Contrary to the title of the book, Hal doesn’t believe that these skills are possessed by just a few, select people in the world. Rather, these skills are practiced habits, and even a return to the activities that were more natural to us as 4-year olds, activities that were lost to us as we grew up. With practice, we can all become more creative and learn to innovate, Hal argues.
What does this have to do with global health, you may be asking?
At one point, Hal posted a slide which showcased a list of public companies and their “innovation premium”, in other words, the premium that shareholders will pay for a stock because they believe that the company has the capacity to grow through the introduction of new products or expansion to new markets. The interesting thing is that the premium is largely subjective, based on historical performance combined with a belief in the company’s future ability to perform. The premium is an incentive for companies to innovate and to encourage innovation in their employees.
Enter global health. I sat looking at the slide, pondering what is the “innovation premium” in public health? In areas of health technology, pharmceuticals and private healthcare, the market incentives can work in a similar fashion, particularly in publicly listed companies. However, in the delivery of public health services, the reward for innovation can be dismal at best. Rather, public health systems are more often rewarded for doing the same thing – whether effective or not – over and over again. The payment systems bear this out: payments are flat fees for services with little regard for outputs or outcomes, salaries are tied to hours worked and tenure, rather than performance. In a system with no rewards for exceptional performance, but serious repercussions for failure, what would we expect to be the result?
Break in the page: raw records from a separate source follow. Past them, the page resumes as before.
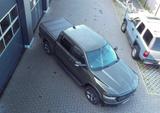 Dodge RAM 1500 "Built to Serve"  KEIN Unfallimp. - Dodge RAM: D150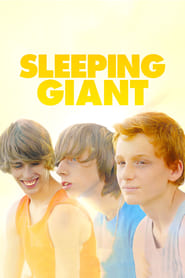 Sleeping Giant постер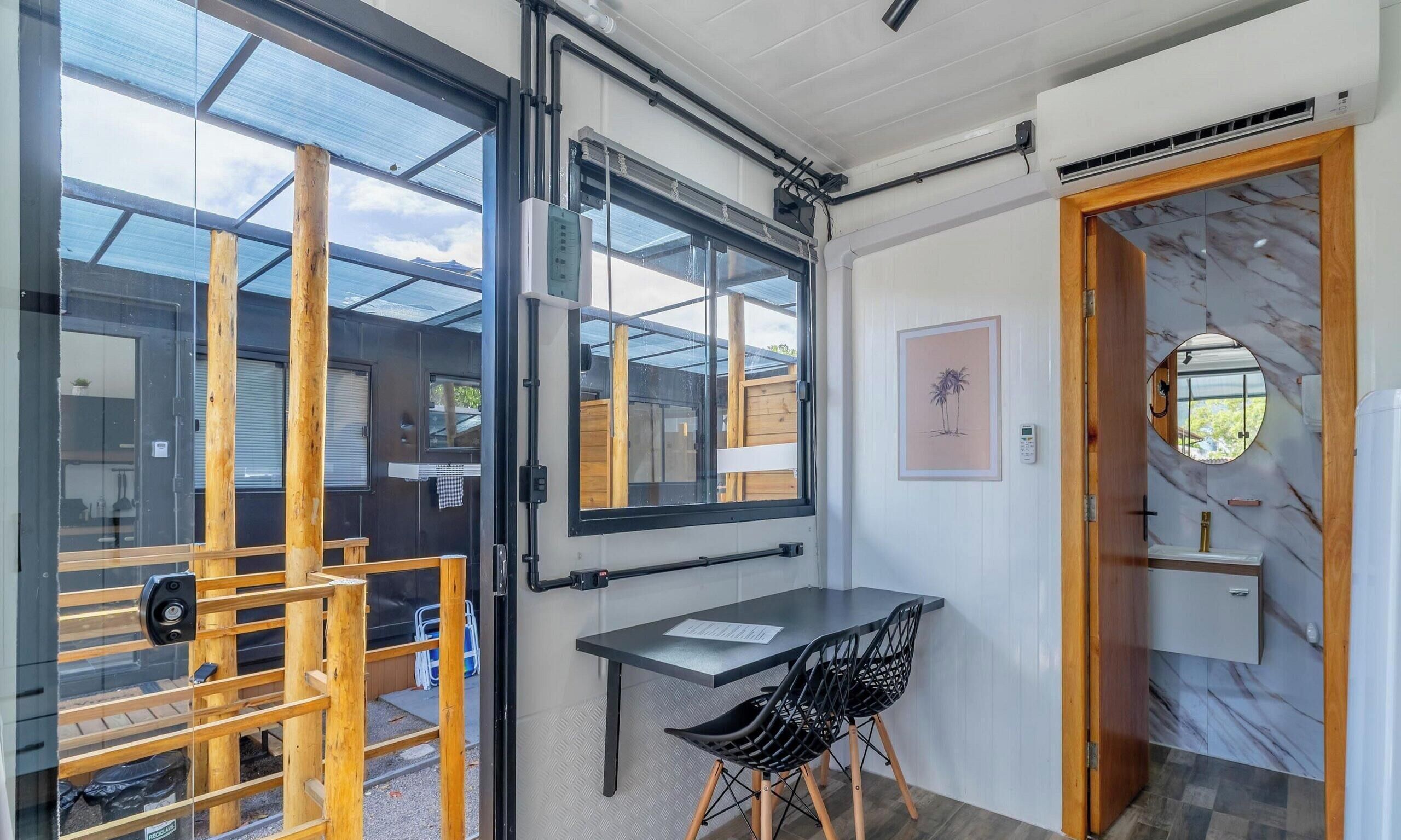 Chalet | Interior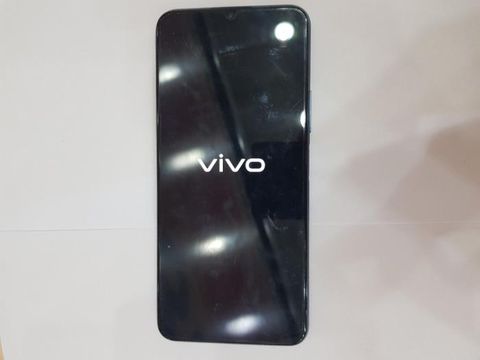 Vivo Y51 Xanh (mã sp: #34290728)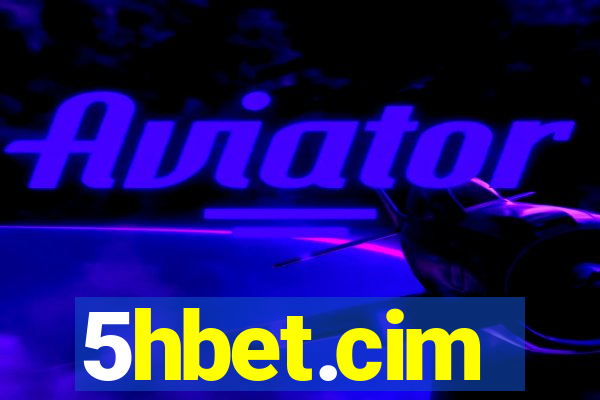 5hbet.cim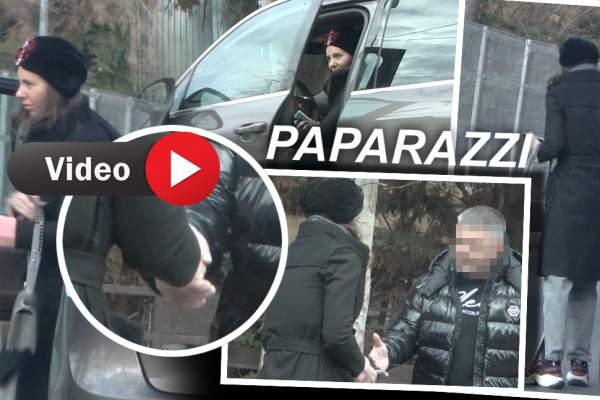 Mihaela Buzărnescu, apariție de milioane într-o zonă exclusivistă a Capitalei. Cine este persoana în prezența căreia s-a afișat tenismena de această dată / PAPARAZZI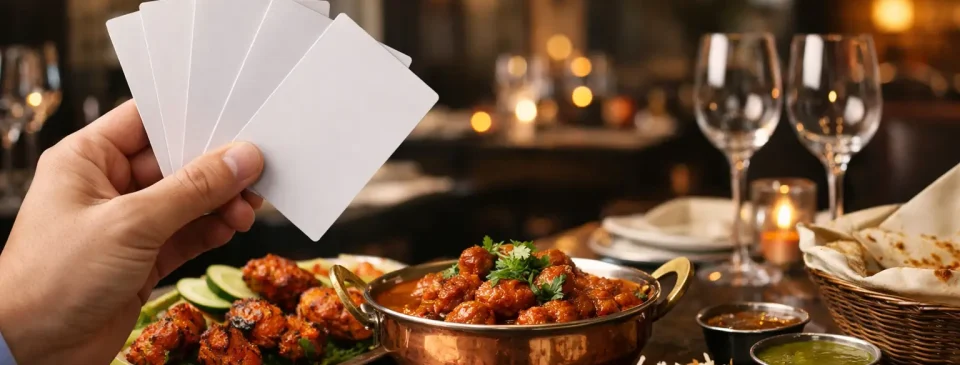 How to Choose an Indian Dinner Venue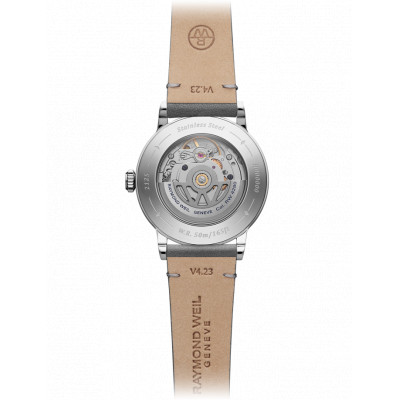 RAYMOND WEIL MILLESIME AUTOMATIC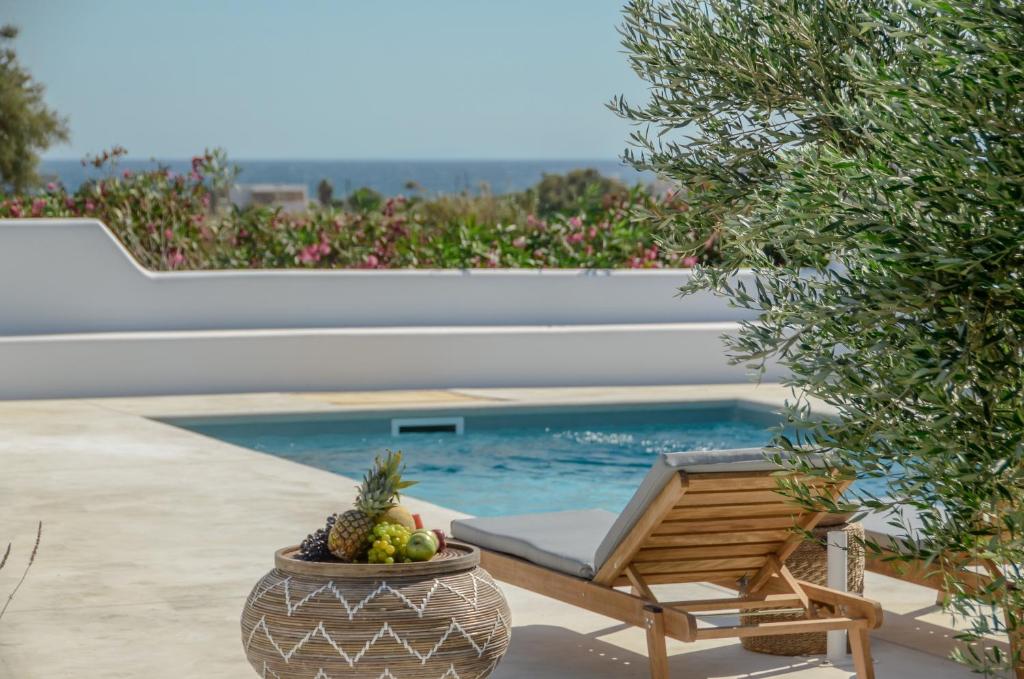Superior 2 Bedroom Suite With Private Pool And Sea View (4)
My colleagues at mothers2mothers have a cynical phrase for this. They call it “magical thinking”, referring to the common practice of believing that different outcomes will occur if one keeps trying the same thing. “Magical thinking” is rife within the public health system as funding continues to flow to organizations with very little motivation to change and improve.
How could the innovation premium be put to use in public health? How could health professionals be incentivized to practice some of the innovation habits as advocated by Hal?
One interesting idea is to link outputs with payments, or output-based aid (OBA). OBA initiatives use vouchers or other counting mechanisms to pay service fees per output, such as family planning services provided or delivery conducted. But this only goes so far, rewarding efficiency and demand creation, but leaving little incentive (and possibly creating disincentives) for quality outcomes.
We have a long way to go before we have systems designed to reward public health effectiveness in a way that puts a premium on innovation. In the meantime, public health innovators continue to be motivated the old fashioned way: pure passion.